We have long heard stories about accountants who advise their wealthy clients to establish permanent residences in more tax-friendly climes to save money.
On the other hand, a scholarly study by the University of Massachusetts Amherst found that “taxes do not play any notable role in causing people to leave a state.”
But while the governor’s plan sounds good on the surface, there is doubt the state can afford the $100 million annual hit in revenue it would cost.
More likely, the governor will begin picking and choosing among different types of retirees to favor with tax-free status, and that is certain to open an ugly can of worms.
Speaking before the Portland Regional Chamber of Commerce on Thursday, Gov. LePage renewed the pledge he made in January to ultimately end the taxation of pension benefits.
Retired people who live six months and a day in Florida, for example, can establish residency there and escape Maine’s income tax, one of the highest in the country.
What’s not clear is how many of those people would choose to return if they could. Many would likely remain in Florida simply to enjoy the better weather and year-round golf.
After living here for 60 years, many people are fed up with pushing snow and shivering through our long winters.
So far, the governor has talked only of exempting pension income from taxes. Usually, this is taken to mean the defined-benefit pensions a minority of retirees receive for working in the military, as teachers, in government or for large employers.
However, the governor’s office indicated Friday that the exemption may extend to 401(k) benefits, although not IRAs, for some reason.
What’s more, retired U.S. postal workers would not receive the benefit, nor would elderly “retirees” who continue working, whether by choice or necessity, “into retirement.”
The governor has already indicated a desire to start by exempting military pensioners, but there is no explanation why.
Do they earn less in retirement? Are they more likely to flee the state? Do they make better retirees? Are they more likely to vote Republican?
Then there’s the small problem of the $100 million of missing revenue.
Either the Legislature would have to raise taxes on everyone else to make up the difference or cut state government spending by an equal amount.
Either that, or the state’s economy would have to grow by leaps and bounds over the next several years, and that seems unlikely.
The governor has run as a tax-cutter, so raising taxes is out of the question.
That leaves even more budget cuts.
Over the years, the Legislature has traditionally trimmed its own budget by cutting the tax revenue it shares with municipalities and school districts.
That has meant fewer municipal services, and fewer teachers and police officers to serve the public.
The governor’s idea is, at this point, just an idea with little more than anecdotal evidence to back it up.

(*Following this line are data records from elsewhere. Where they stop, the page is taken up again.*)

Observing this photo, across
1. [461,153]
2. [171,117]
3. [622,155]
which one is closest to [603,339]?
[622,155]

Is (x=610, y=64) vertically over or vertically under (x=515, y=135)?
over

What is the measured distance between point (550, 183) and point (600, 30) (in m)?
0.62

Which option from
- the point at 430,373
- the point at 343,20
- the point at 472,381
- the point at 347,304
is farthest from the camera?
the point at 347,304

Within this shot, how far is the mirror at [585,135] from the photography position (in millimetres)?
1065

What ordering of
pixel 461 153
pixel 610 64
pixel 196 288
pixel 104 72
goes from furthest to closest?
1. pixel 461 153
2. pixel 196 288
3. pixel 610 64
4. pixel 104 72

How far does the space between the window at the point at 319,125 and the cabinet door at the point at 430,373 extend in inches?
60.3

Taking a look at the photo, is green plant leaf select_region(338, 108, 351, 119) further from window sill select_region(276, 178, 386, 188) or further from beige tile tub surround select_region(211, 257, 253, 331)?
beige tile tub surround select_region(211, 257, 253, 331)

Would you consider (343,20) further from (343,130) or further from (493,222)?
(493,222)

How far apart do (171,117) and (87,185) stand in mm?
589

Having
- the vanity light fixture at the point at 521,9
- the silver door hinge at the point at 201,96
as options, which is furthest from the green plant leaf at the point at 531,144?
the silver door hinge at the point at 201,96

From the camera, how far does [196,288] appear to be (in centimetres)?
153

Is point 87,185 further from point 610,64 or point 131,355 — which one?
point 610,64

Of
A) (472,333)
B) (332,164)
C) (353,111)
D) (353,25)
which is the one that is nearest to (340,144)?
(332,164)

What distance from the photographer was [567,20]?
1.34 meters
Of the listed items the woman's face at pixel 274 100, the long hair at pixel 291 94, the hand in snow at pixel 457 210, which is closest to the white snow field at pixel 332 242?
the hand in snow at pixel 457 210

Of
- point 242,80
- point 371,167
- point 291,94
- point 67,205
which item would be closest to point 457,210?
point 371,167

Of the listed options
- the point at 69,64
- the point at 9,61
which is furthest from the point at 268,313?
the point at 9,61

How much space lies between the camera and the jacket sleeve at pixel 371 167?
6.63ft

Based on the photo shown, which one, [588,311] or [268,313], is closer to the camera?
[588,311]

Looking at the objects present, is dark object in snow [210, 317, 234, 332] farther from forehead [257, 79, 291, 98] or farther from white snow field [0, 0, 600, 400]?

Would a tax cut truly bring retirees flocking back? Would it keep people from moving away when they retire? Would the elderly returnees be an economic benefit to the state or, instead, require extremely expensive state services?
All unanswered questions.
Perhaps the Muskie School at the University of Southern Maine could be commissioned to fully study these questions and provide facts for the Legislature to consider.
Some research would be useful before putting such a dent in the state’s budget.
The opinions expressed in this column reflect the views of the ownership and editorial board.